Failing to include certain parties or certain claims. Although it might not be apparent at first, this becomes a big problem later when the employee wishes to litigate their claims in court and the court determines that because they did not name the right legal entities or other individuals in their EEOC Charge of Discrimination, they cannot now sue those entities or individuals under the federal laws.

Settling the case for too low an amount because they have not consulted with an attorney to determine the appropriate amount. An experienced employment discrimination lawyer knows how to evaluate a claim of discrimination and can peg its value to other cases of a similar nature that have won at trial. You can bet that the employer’s lawyer has already researched several cased similar to the one at hand and it is their goal to settle for much less.

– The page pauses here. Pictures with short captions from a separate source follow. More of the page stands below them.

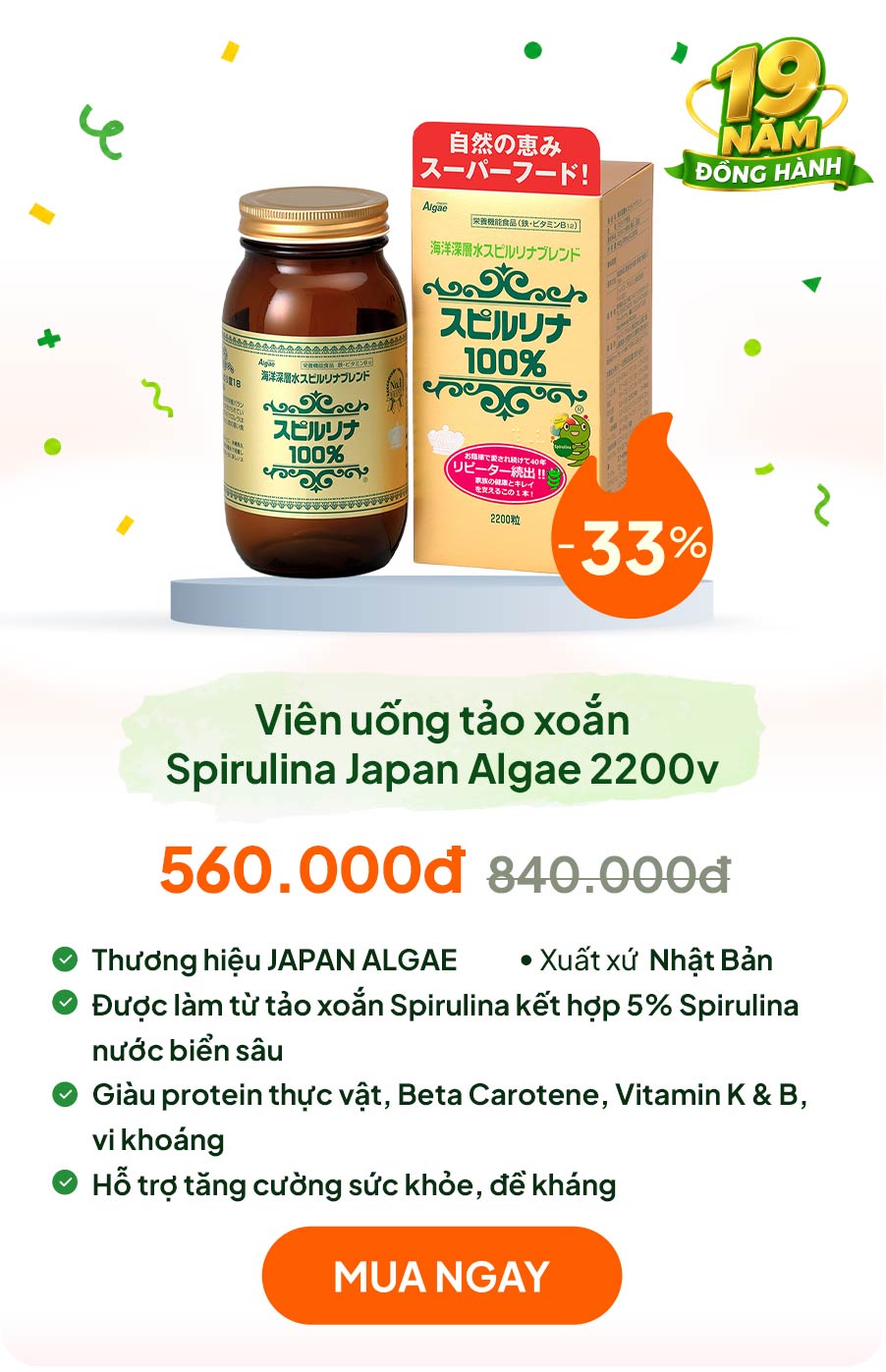 TPBVSK: Viên uống tảo xoắn Spirulina 100% Nhật Bản Japan Algae 2200 viên, tăng sức khỏe, cải thiện tiêu hóa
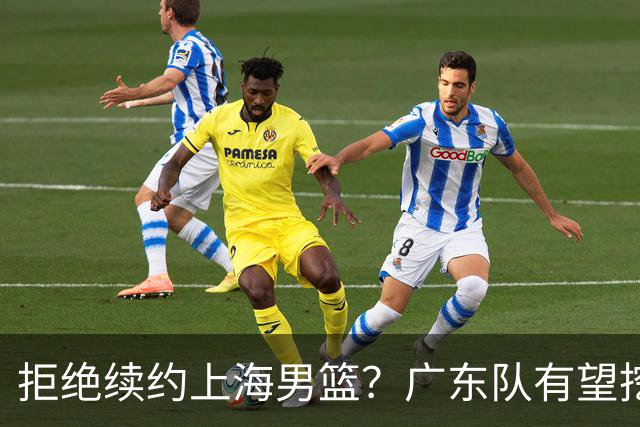 拒绝续约上海男篮？广东队有望挖走洛夫顿，这可是杜锋的内线答案
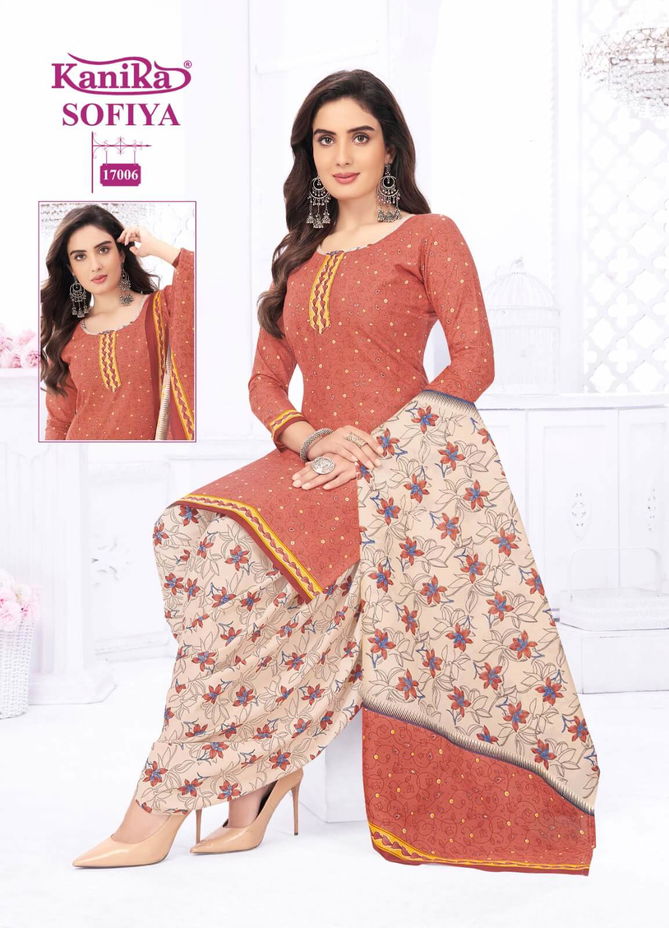 Kanika Sofiya Vol 17 Readymade Patiyala Suit Catalog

Dumping years’ worth of documents into the Charge of Discrimination or Rebuttal Statement that makes the EEOC’s job harder to decide in their favor. The EEOC receives tens of thousands of complaints of discrimination every year. An EEOC investigator is more likely to push to resolve or find cause to say there is discrimination when the evidence is marshaled in a way that helps reach the conclusion the employee wants.

Failing to consider that there are other claims available outside those being considered by the EEOC and waiving those claims in exchange for payment from the employer. If the employee and employer agree to settle the claims brought at the EEOC, the employer will want a General Release which acts as a waiver of liability for all kinds of claims, including those that fall outside the ambit of the EEOC. Those claims can have serious value, but because they are not a part of the EEOC Charge of Discrimination, they can be neglected when it comes to settlement. Having a good employment discrimination lawyer review any proposed settlement agreement is a good idea. The lawyer will run through the employee’s history with the employer at hand, and spot the legal issues that trigger additional violations (or may also reveal additional EEOC-related claims), making the employee’s settlement value increase.